– Я подготовил новую редакцию романа «Гипсовый трубач». Это огромный роман. Я писал его семь лет, выпуская по мере готовности частями. Летом он выйдет отдельной книгой, да ещё с моим эссе «Как я ваял «Гипсового трубача». Закончив роман, я сразу сел за новую пьесу, которую давно придумал. Но я устроен так, что не могу, например, с утра писать прозу, а после обеда пьесу. Если у меня мозги настроены на прозу, я буду писать прозу, не отвлекаясь, ибо «перенастройка» может выбить меня из творческого состояния на месяц, на полгода. Предыдущая пьеса «Одноклассники» была написана в 2007 году и с успехом идёт от Владикавказа до Владивостока. В Москве её в Театре Армии поставил Б. Морозов. А поскольку спектакли по моим пьесам проходят на аншлагах, все эти годы меня спрашивали: «Где новая пьеса?» Теперь могу ответить: «Готова. Осталось пройтись «нулевой шкуркой».
– В молодости я отдыхал с пишущей машинкой, теперь с ноутбуком. Чтобы получить удовольствие от плаванья в море, сбора грибов или созерцания туристических красот, я должен посидеть за письменным столом. Если несколько дней я не открывал ноутбук, то даже Кёльнский собор может показаться мне рыбьей костью в глотке мегаполиса…
«Наши либералы любят бегать к начальству…»
– Вообще-то фильм, как и сама повесть, рассказывает о любви, изломанной, странной, но смертельно сильной. А «новые русские», кто не погиб и не уехал, стали обычными русскими. Меня сейчас больше волнует феномен «новых нерусских». Это те, кто выступает против возвращения Крыма в Россию.

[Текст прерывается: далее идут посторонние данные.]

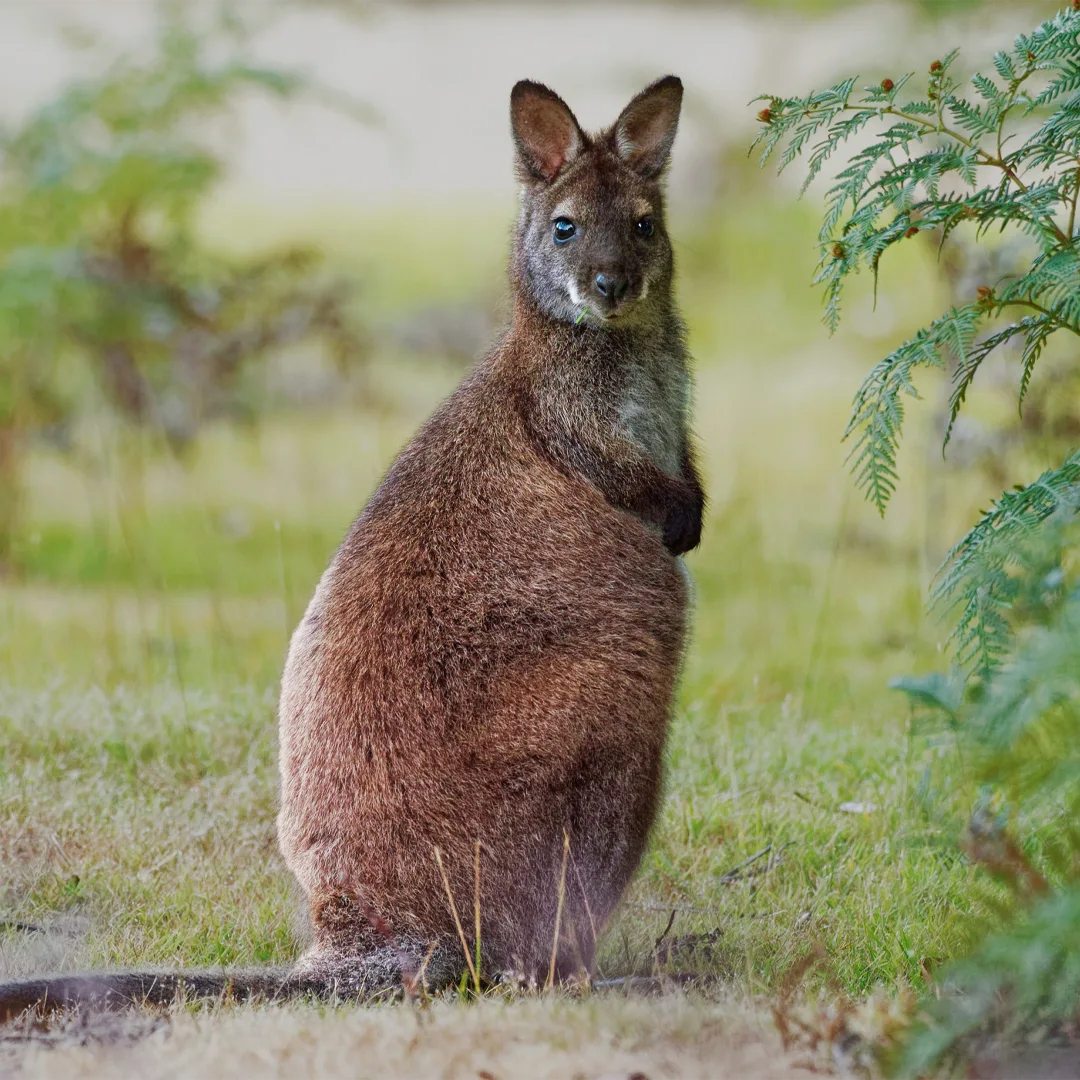 red-necked-wallabi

– Удивительно, как вы, журналисты, слышите только то, что хотите услышать. Я говорил, что в России две беды: либерализм, принявший форму аморализма, и патриотизм, доходящий до идиотизма. Я по-прежнему критически отношусь к ура-патриотам, к людям, которые не опираются в своих патриотических грёзах на понимание ситуации, реального положения дел. В то же время для меня совершенно очевидно: никакая серьёзная модернизация, никакой рывок в развитии страны без патриотического подъёма невозможны. Удавшаяся Олимпиада, возврат Крыма этот подъём обеспечили реальным наполнением. Впрочем, реабилитация патриотизма, который Окуджава называл «кошачьим чувством», началась в начале нулевых годов. Процесс непростой. «Литературная газета» в 2002 году подняла вопрос о целенаправленном искажении отечественной истории в школьных учебниках. А результат – отказ от самоуничижительной модели преподавания истории – мы получили лишь недавно. Но патриотизм – это не только «любовь к отеческим гробам», это и обуздание мздоимства, и ликвидация чудовищной разницы в доходах бедных и богатых, и решение жилищной и многих иных проблем…
А неизбежность восстановления, хотя бы частичного, постсоветского пространства была очевидна всегда. Советский Союз был развален таким образом, что максимальный ущерб понесла России и русские. В итоге, мы оказались самым большим разделённым народом в мире. В прошлом году на встрече в Вильнюсе с интеллигенцией, с читателями меня спросили, каким мне видится будущее Европы, СНГ, России. Я ответил тогда, что вопрос риторический – достаточно взять школьный учебник истории за ХХ век, полистать карты и посмотреть, как менялась геополитическое устройство мира, в частности Европы. А менялось оно кардинально и неоднократно. Почему большинство уверено, что XXI век в этом смысле будет отличаться от века двадцатого? Русских, пришедших на встречу, мой ответ воодушевил. Литовцы обиделись. Однако потребовалось совсем немного времени, чтобы убедиться в моей правоте. Кстати, история с Крымом – повод задуматься о судьбе этнократических режимов в Прибалтике.